Spin singlets and the Bell states

[VantagePoint72]

Given two spin-1/2 particles, the overall spin of the pair decomposes into a spin singlet and a spin triplet. Using the Clebsch-Gordon series and referring to the z-axis, we find the spin singlet is:

##|\Psi^- \rangle = \frac{1}{\sqrt{2}}(|\uparrow_z \downarrow_z \rangle - |\downarrow_z \uparrow_z \rangle)##

The overall state is one of the Bell states and is given the standard label. Being a spin singlet is the same thing as being rotationally invariant. However, consider another of the Bell states:

##|\Phi^+ \rangle = \frac{1}{\sqrt{2}}(|\uparrow_z \uparrow_z \rangle + |\downarrow_z \downarrow_z \rangle)##

This state has an interesting property; it may also be expressed as:

##|\Phi^+ \rangle = \frac{1}{\sqrt{2}}(|\uparrow_x \uparrow_x \rangle + |\downarrow_x \downarrow_x \rangle)##

or, indeed,

##|\Phi^+ \rangle = \frac{1}{\sqrt{2}}(|\uparrow_{\hat{n}} \uparrow_{\hat{n}} \rangle + |\downarrow_{\hat{n}} \downarrow_{\hat{n}} \rangle)##

where ##{\hat{n}}## is an arbitrary unit vector.
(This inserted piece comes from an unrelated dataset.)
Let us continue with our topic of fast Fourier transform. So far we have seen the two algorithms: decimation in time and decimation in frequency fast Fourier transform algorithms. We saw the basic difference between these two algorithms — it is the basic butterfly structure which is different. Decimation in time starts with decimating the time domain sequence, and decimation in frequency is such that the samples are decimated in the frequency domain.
But isn't this property just a mathematical expression of rotational invariance? So how does that square with the fact that it is ##|\Psi^- \rangle## (not ##|\Phi^+ \rangle##) that is the spin singlet for a bipartite system of two spin-1/2 particles?

 

[Avodyne]

It's ##|\Psi^- \rangle## that has this property, not ##|\Phi^+ \rangle##. Work it out for the x case and you'll see.

 

[VantagePoint72]

I have worked it out for the x case, and the result holds:
##| \uparrow_x \rangle = \frac{1}{\sqrt{2}}(| \uparrow_z \rangle + | \downarrow_z \rangle)##
##| \downarrow_x \rangle = \frac{1}{\sqrt{2}}(| \uparrow_z \rangle - | \downarrow_z \rangle)##

Hence:
##\frac{1}{\sqrt{2}}(| \uparrow_x \uparrow_x \rangle + | \downarrow_x \downarrow_x \rangle ##
##=\frac{1}{2\sqrt{2}}((| \uparrow_z \rangle + | \downarrow_z \rangle)(| \uparrow_z \rangle + | \downarrow_z \rangle) + (| \uparrow_z \rangle - | \downarrow_z \rangle)(| \uparrow_z \rangle - | \downarrow_z \rangle))##
##=\frac{1}{\sqrt{2}}(| \uparrow_z \uparrow_z \rangle + | \downarrow_z \downarrow_z \rangle ##

The general statement is proved (and used extensively by) Preskill in http://www.theory.caltech.edu/people/preskill/ph229/notes/chap2.pdf (p.31)

 

[VantagePoint72]

Moreover, this property does not hold for ##|\Psi^- \rangle##, it picks up an overall minus sign. This is irrelevant quantum mechanically; however, it is still odd, given it is supposed to be rotationally invariant. I'm more put off by the behaviour of ##|\Phi^+ \rangle## though, it seems like it shouldn't do this. But, as Preskill shows, it does.